THE PROBLEM: In the data below, find the line with "Kahverengi Baskılı Detaylı" and output it along with every later line, exactly, but not the pictures.

GIVEN INFORMATION:
=-=-=
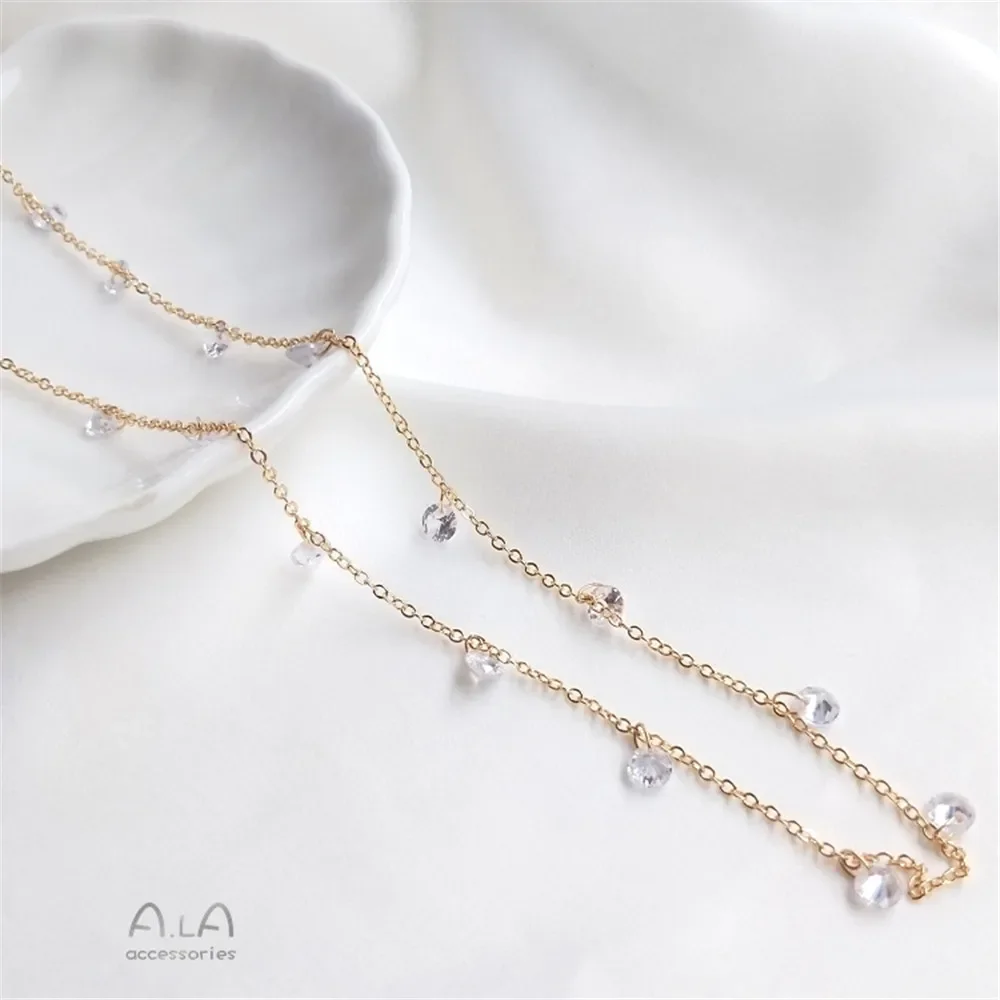 14K Gold Plated Hang zircon chain hanging flash diamond chain DIY handmade bracelet necklace O word loose chain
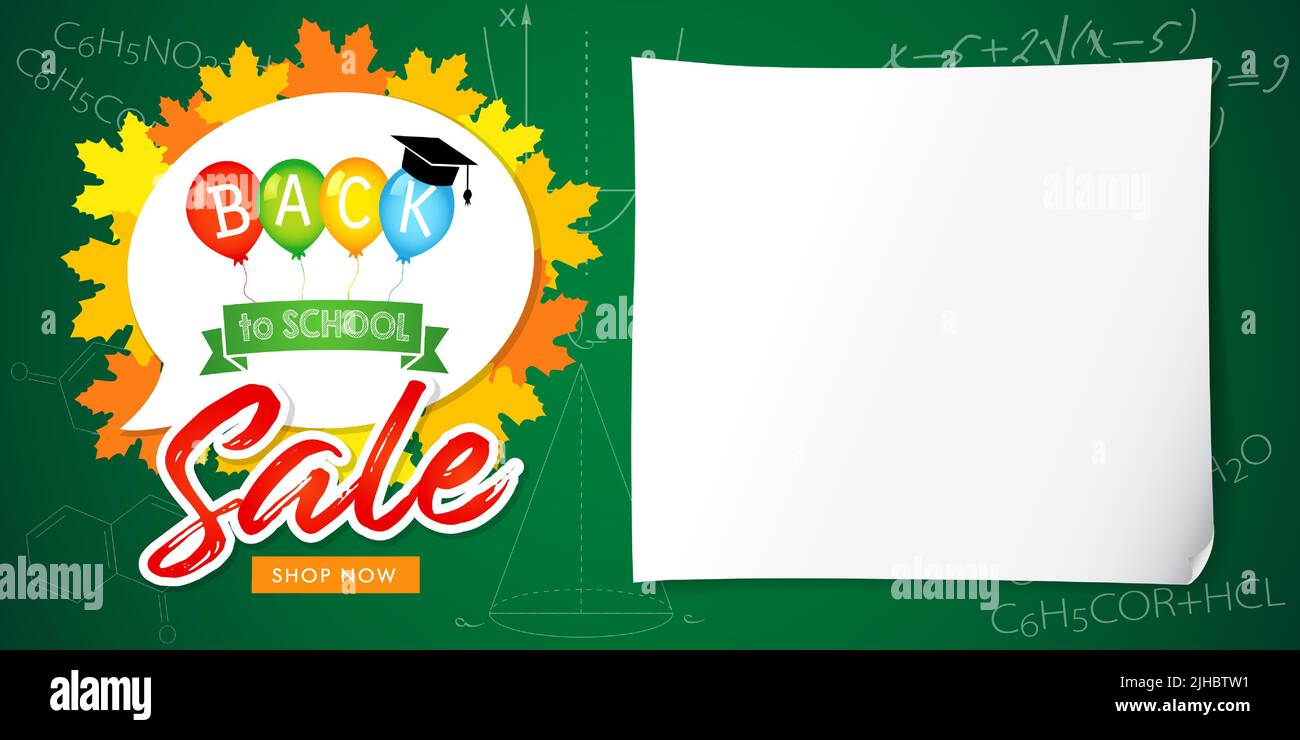 Back to School Sale flyer or coupon card sample template. Maple leaves and 3D balloons, dialogue cloud. School background with 3D sheet of paper. Isol Stock Vector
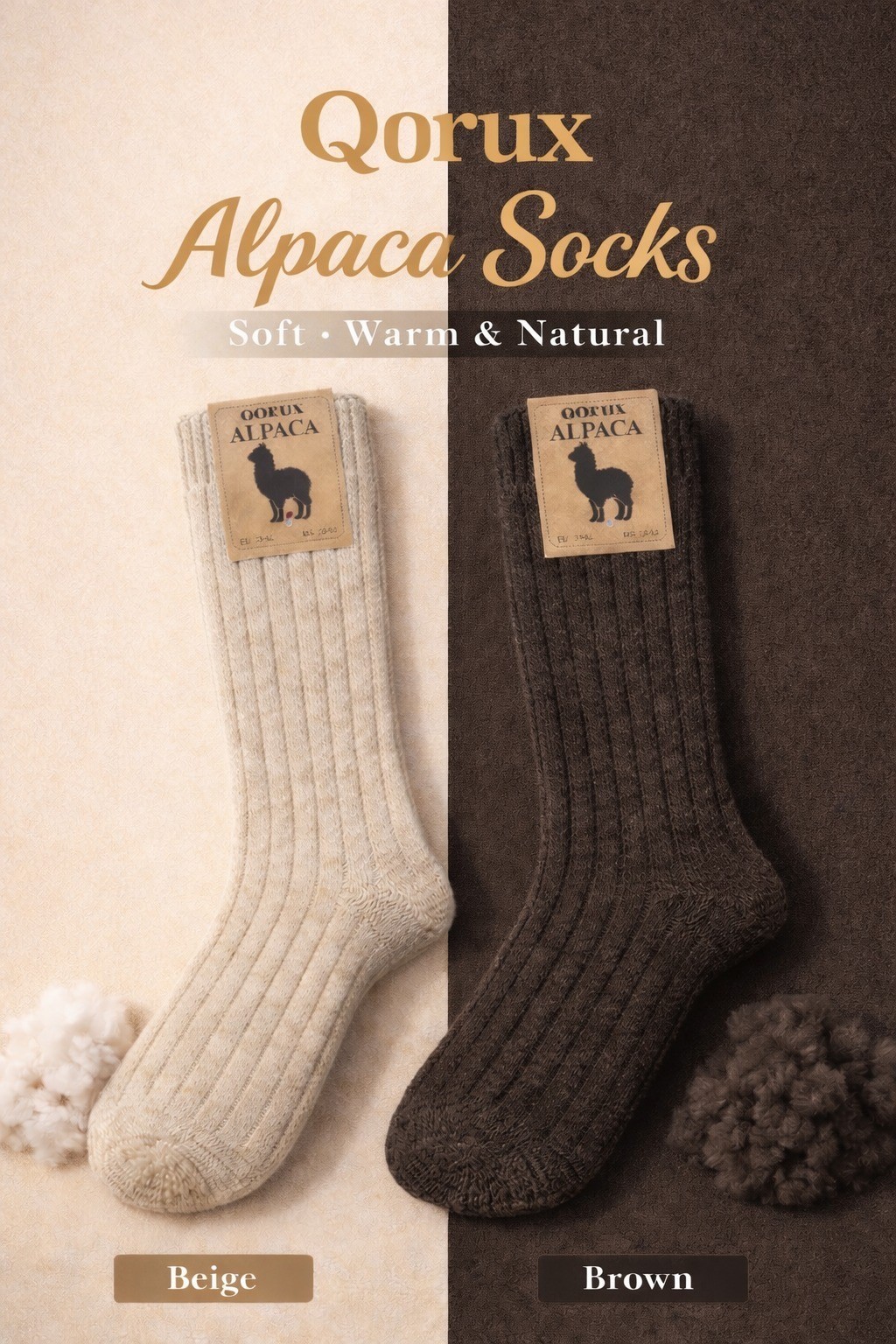 4 Pairs Alpaca Wool Thermal Nature Warm Winter Socks For Women & Men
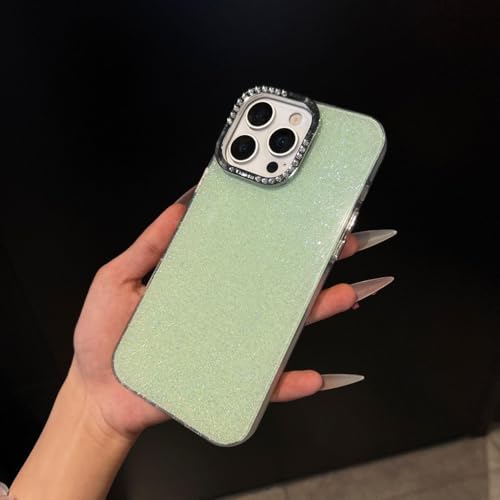 Coque de Luxe iPhone 13 Pro Max avec Protection d'Objectif en Métal Diamant Vert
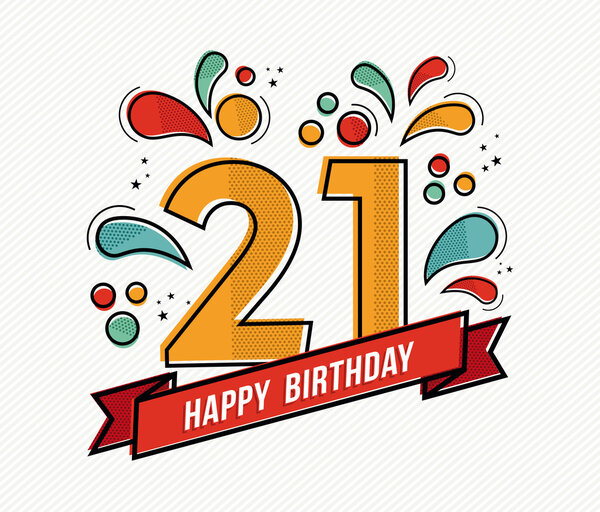 Colorful happy birthday number 21 flat line design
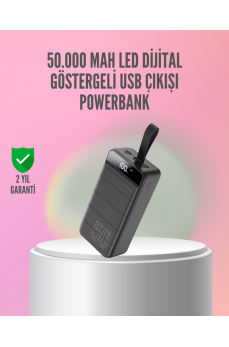 50.000 mAh Ultra Güçlü Powerbank 4 USB Çıkışlı, LED Dijital Göstergeli, Hızlı Şarj Destekli Taşınabilir Şarj Cihazı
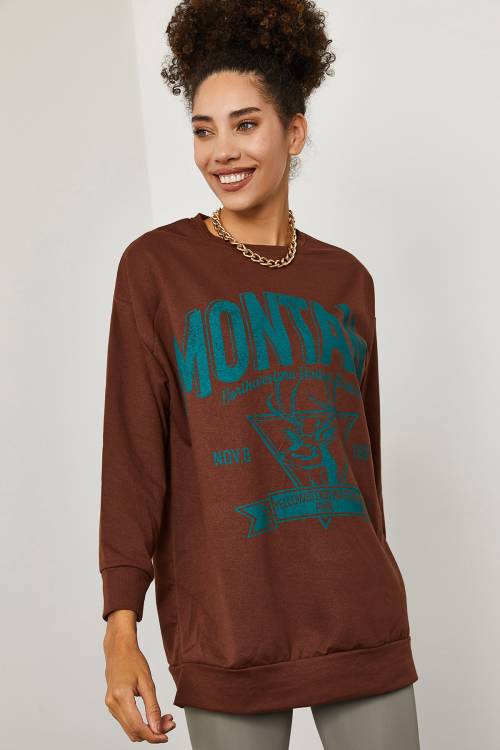 Kahverengi Baskılı Detaylı Kapüşonlü Sweatshirt 3YXK8-47143-18 - 1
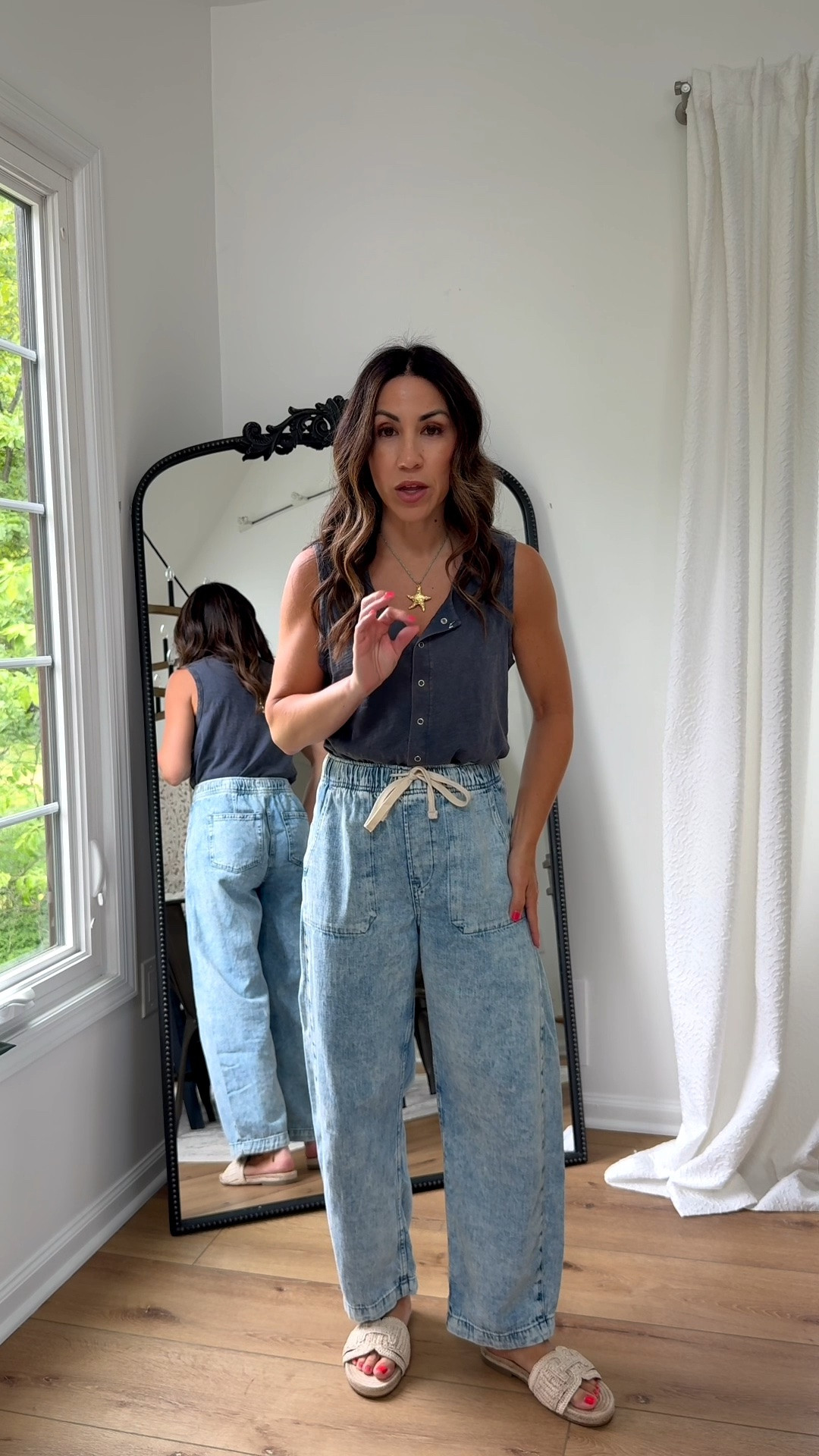 Jeans code SALE. Josh and jeans XS petite. Tank small. Sandals TTS. Necklace code TAMMY20￼

#LTKSaleAlert #LTKOver40 #LTKPetite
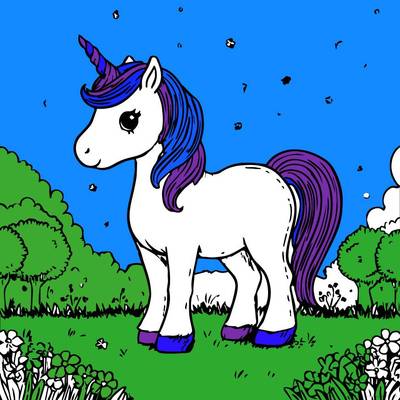 Colored version: Adorable unicorn in nature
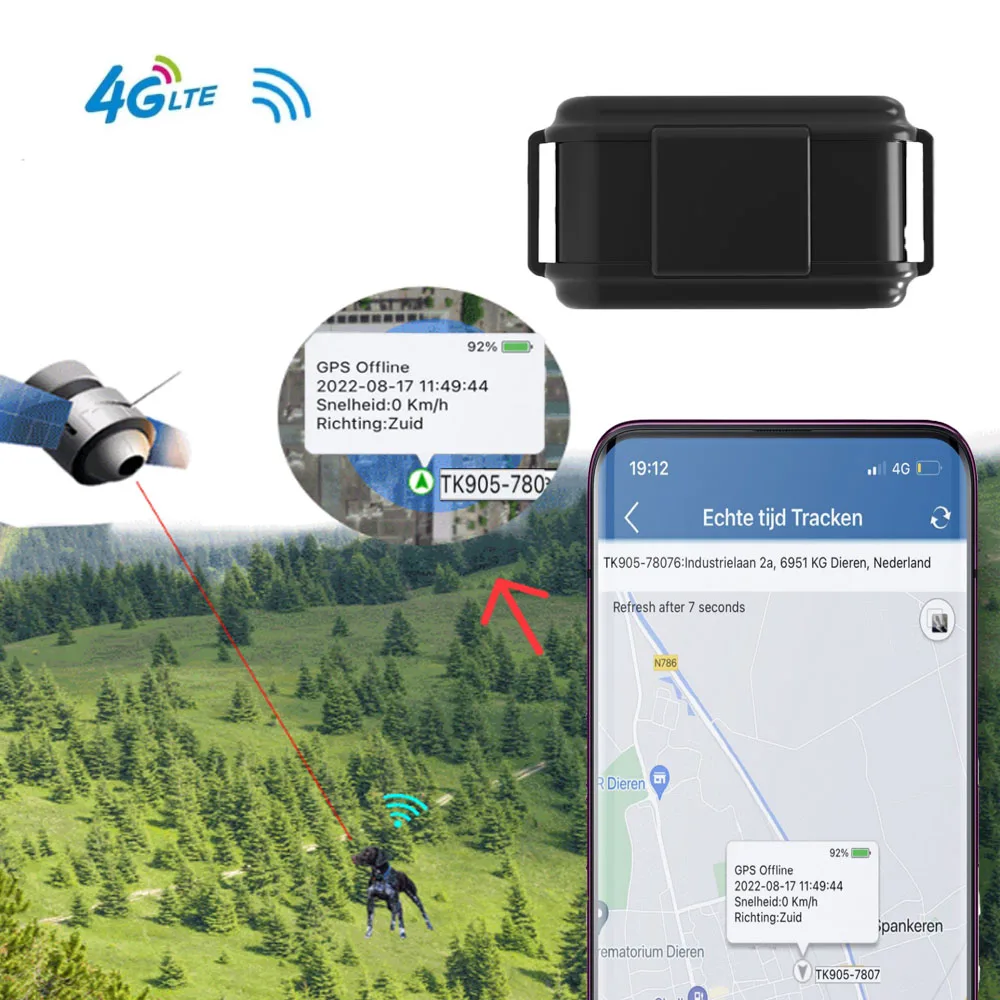 Pet Health Monitor with APP Control 4G GPS Global Tracker Pet Health Detection Collar tracker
=-=-=
REPLY:
 Kahverengi Baskılı Detaylı Kapüşonlü Sweatshirt 3YXK8-47143-18 - 1
 Jeans code SALE. Josh and jeans XS petite. Tank small. Sandals TTS. Necklace code TAMMY20

#LTKSaleAlert #LTKOver40 #LTKPetite
 Colored version: Adorable unicorn in nature
 Pet Health Monitor with APP Control 4G GPS Global Tracker Pet Health Detection Collar tracker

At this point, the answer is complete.